So as I mentioned earlier, I think this is rather interesting and nuanced point. Personally, I am 100% on board with the X & Y strategy you describe in your other post. In the world of rates, for example, unless you do outright macro, it's imperative that you find some ways to be long some tail risk to protect the core strategies you're making money on. However, protecting your core strategies with a tail hedge and explicitly betting on an event that's perceived unlikely are very different. Again, I am suggesting that, based on his very own admissions, Kyle Bass's Japan trade belongs to the latter category.Quote from Ghost of Cutten:
No it can't turn into a costly waiting game, because you control how much you pay while you wait. If you limit the risk to what you can comfortably wait/burn, then there is no issue. And since all bubbles in history have eventually popped spectacularly, you will get paid.
Example, let's say you were early on the housing bubble and started paying 1% per annum (when Treasuries were paying 4-5% per annum) to own CDS exposure from 2003. So, your fund performance is 1% per annum worse in 2003, 2004, 2005, 2006. Then you make 100% in 2007-2008.
So, with no timing ability whatsoever, and being 4-5 years too early, and not adding to your positions at all in 2007-2008 when it became obvious the timing was right, you had a 100% gain at a risk of 4-5%. Everyone who says you need timing to profit from bubbles is utterly wrong.

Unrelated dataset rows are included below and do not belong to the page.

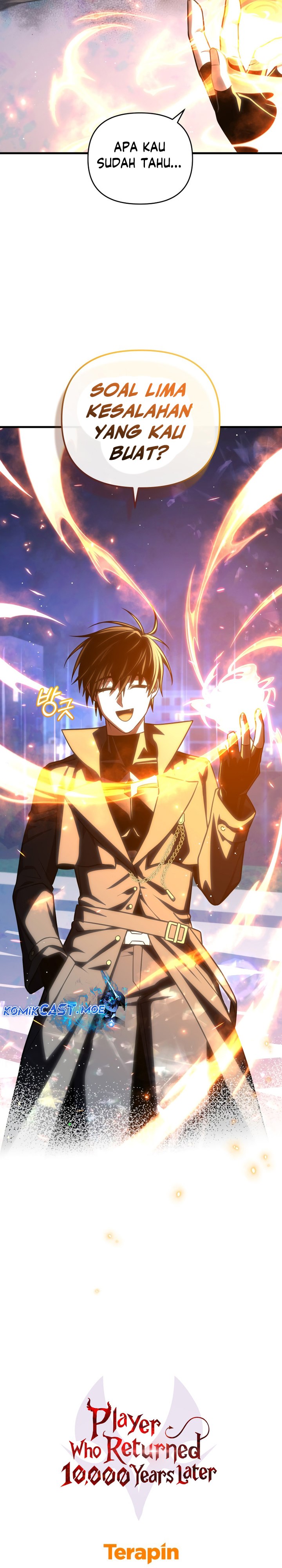 Player Who Returned 10,000 Years Later Chapter 85 Gambar 37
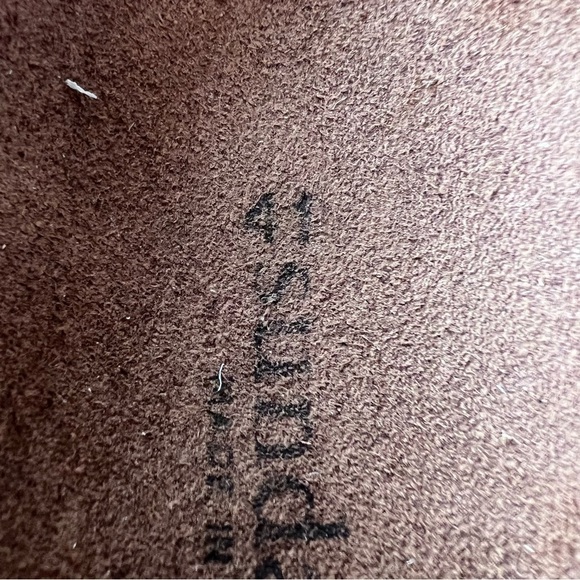 Sundance Italy Moon on the Water Cork Bottom Sandal White Shimmer Sz 10 Comfort - Picture 13 of 16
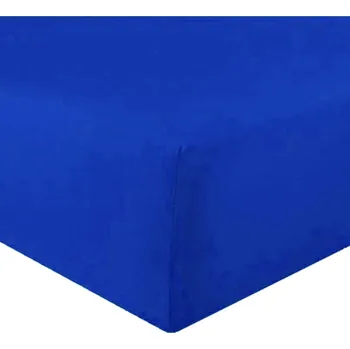 Prostěradlo Prostěradlo jersey tmavě modrá TiaHome 120x200cm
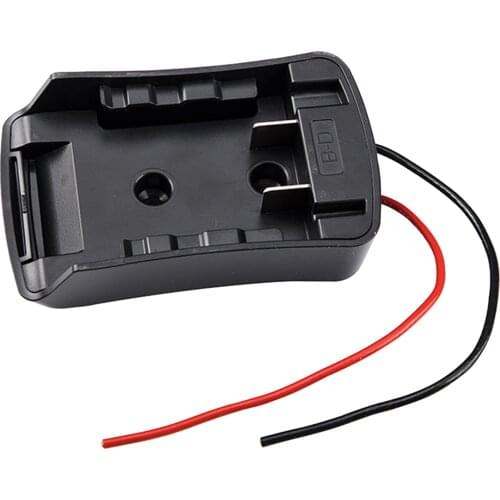 Battery Adapter for 18 Volt Dock Power Connector 12 Gauge Rc Car Rc Truck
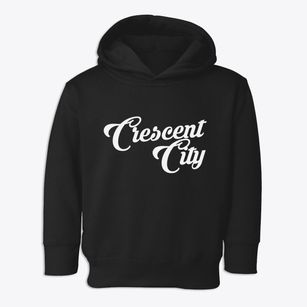 Crescent City Florida Vintage Team Toddler Hoodie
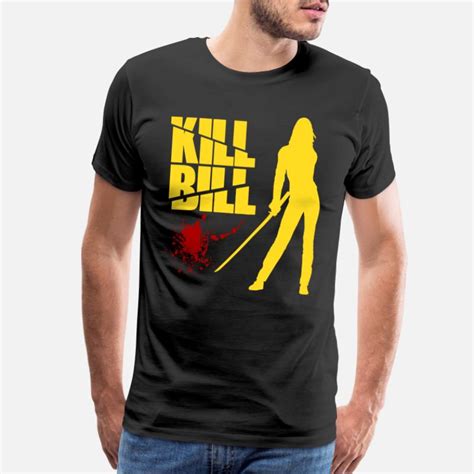 Kill Bill T Shirts The Ultimate Fashion Statement For Movie Lovers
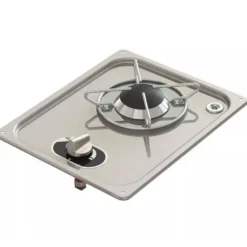 Réchaud à gaz encastrable en acier inoxydable 1 Feu 263×323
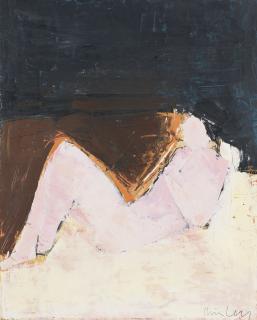 Peter Kinley - Reclining nude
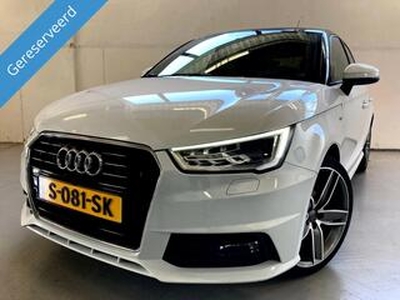 Audi A1 1.0 TFSI design S-line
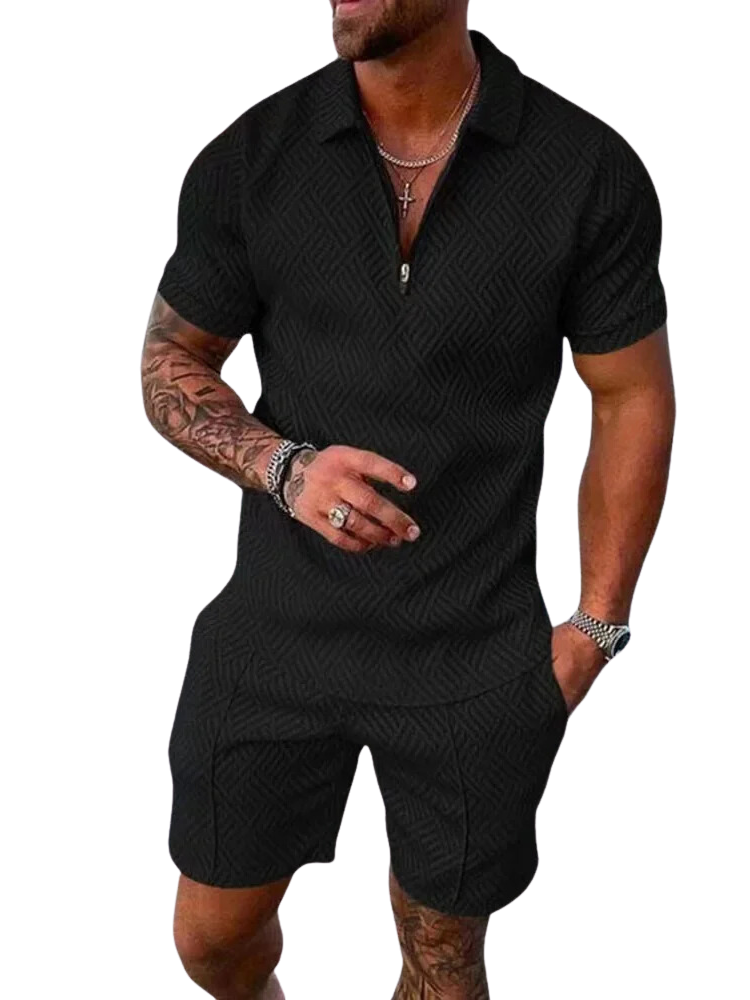 Men's - Summer Set - Polo Shirt and Shorts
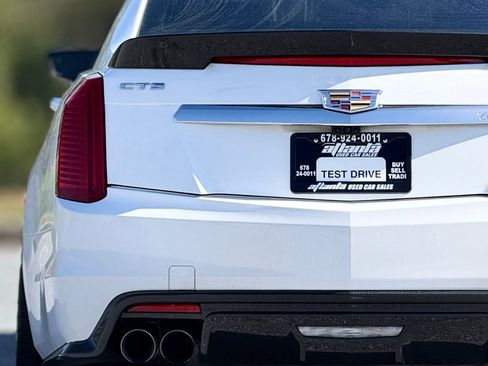 Used 2017 Cadillac CTS V w/ Carbon Fiber Package image 15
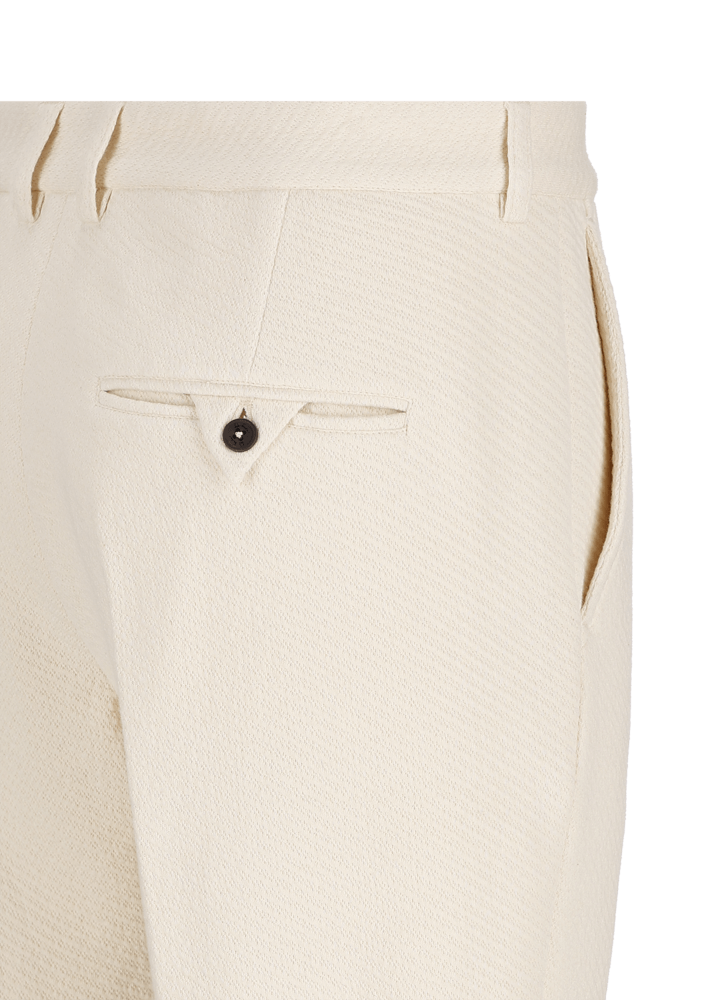 Luis Trenker Pantaloni chino in jersey felpato modello Lubrizzo Nuovi prodotti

The only way you can lose shorting a bubble is if you risk more than your staying power/conviction and capitulate before it pops, or if you are wrong that it's a bubble. You cannot lose by maintaining modest asymmetric positions each year until the crash occurs, even if your timing is horrible.
Finally, the timing issue is not hard anyway. You can either wait until the fundamentals start turning down, or wait until the key price drops below the 200 day moving average, or both, and only then put on your bets. This takes about 1 minute of analysis per month.
So, if you don't mind, I would like to ask about the strategy that explicitly bets on a "crash". I think it's a very interesting discussion that I am hoping will benefit me and further my understanding. However, first we need to establish some common ground. "Bubble", "crash" and "shorting a bubble" are, generally, very vague terms that need to be defined. Shall we try to narrow down in a specific context what these things actually mean? I propose to reuse the old short JGB trade, unless you want to use something else, such as Treasuries or smth.